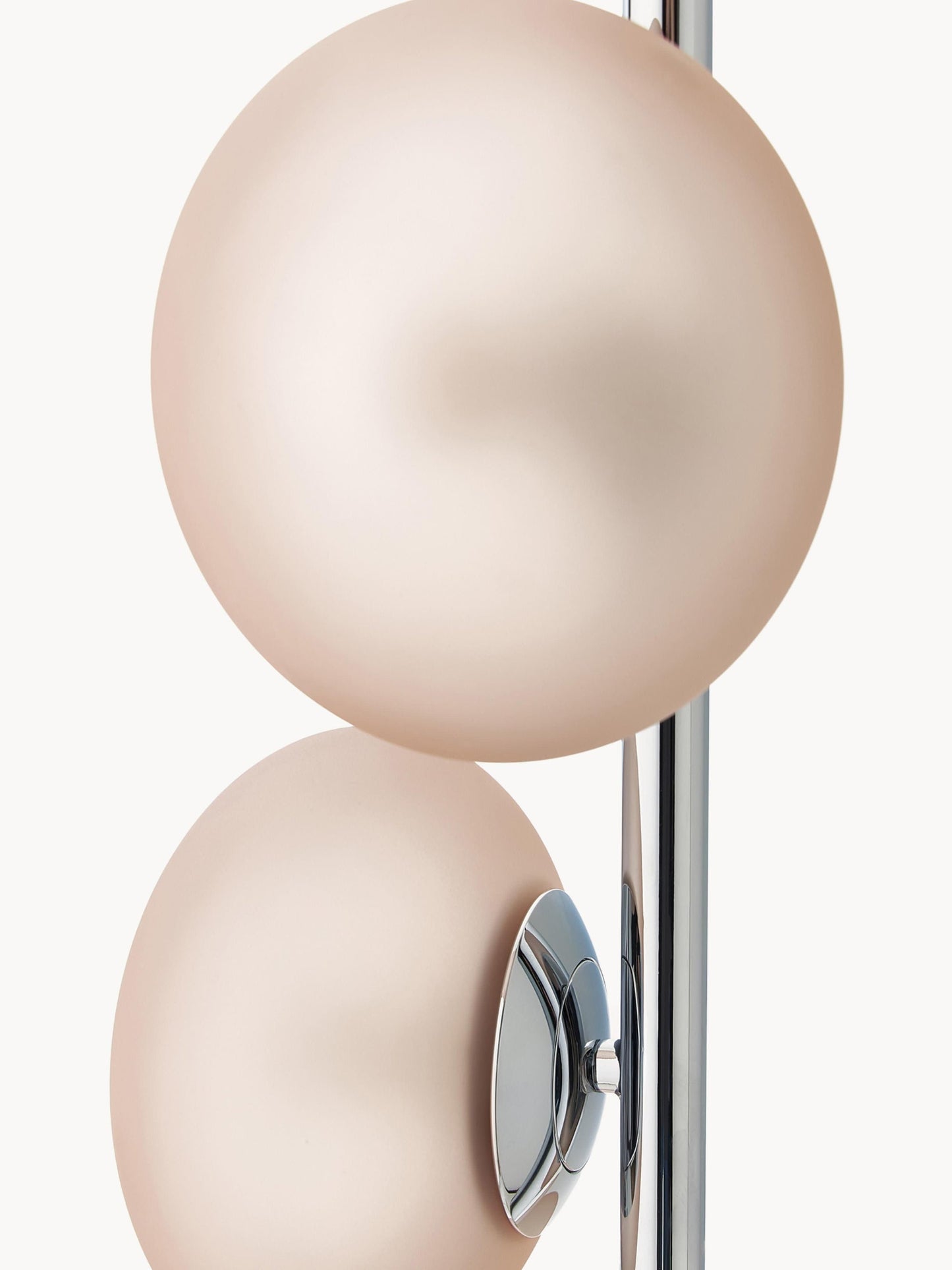 Lampa podłogowa ze szkła opalowego Rosia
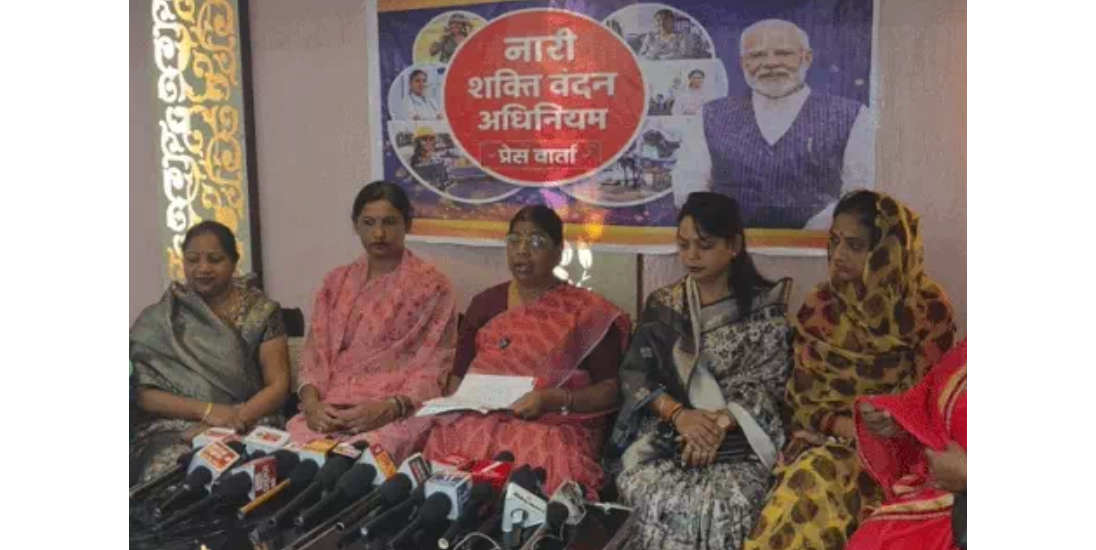 अनिता भदेल का विपक्ष पर महिला मुद्दे पर हमला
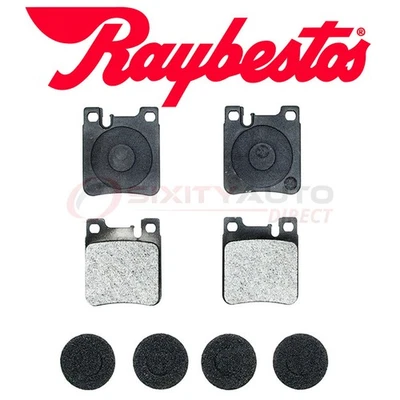 Raybestos PG Plus Metallic Disc Brake Pad for 2005-2006 Mercedes-Benz CLK500 gm - Image 1 of 4
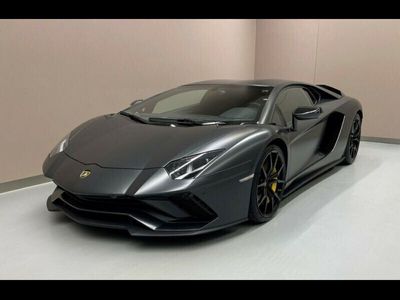 Noir Occasion 2017 Lamborghini Aventador Cabriolet | 368 500 €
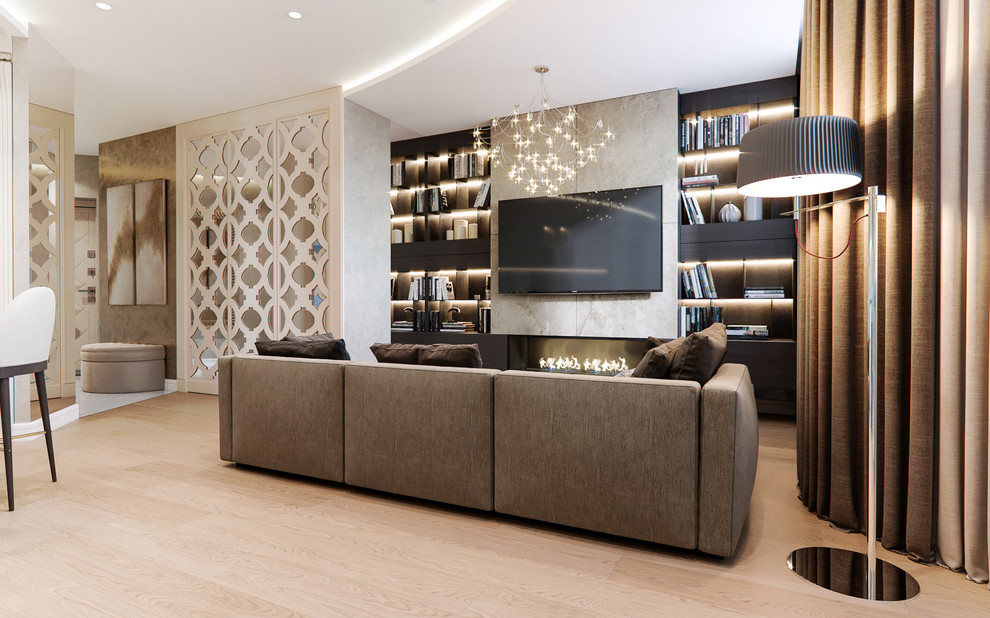 DesigneLuxeInterior Величко Александра дизайн интерьера спальни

WHAT NEEDS TO BE DONE –
Exactly the lines from the one holding "Noir Occasion 2017" through the last line of the entries must be set down, with nothing added and no pictures.

TASK RESULT –
 Noir Occasion 2017 Lamborghini Aventador Cabriolet | 368 500 €
 DesigneLuxeInterior Величко Александра дизайн интерьера спальни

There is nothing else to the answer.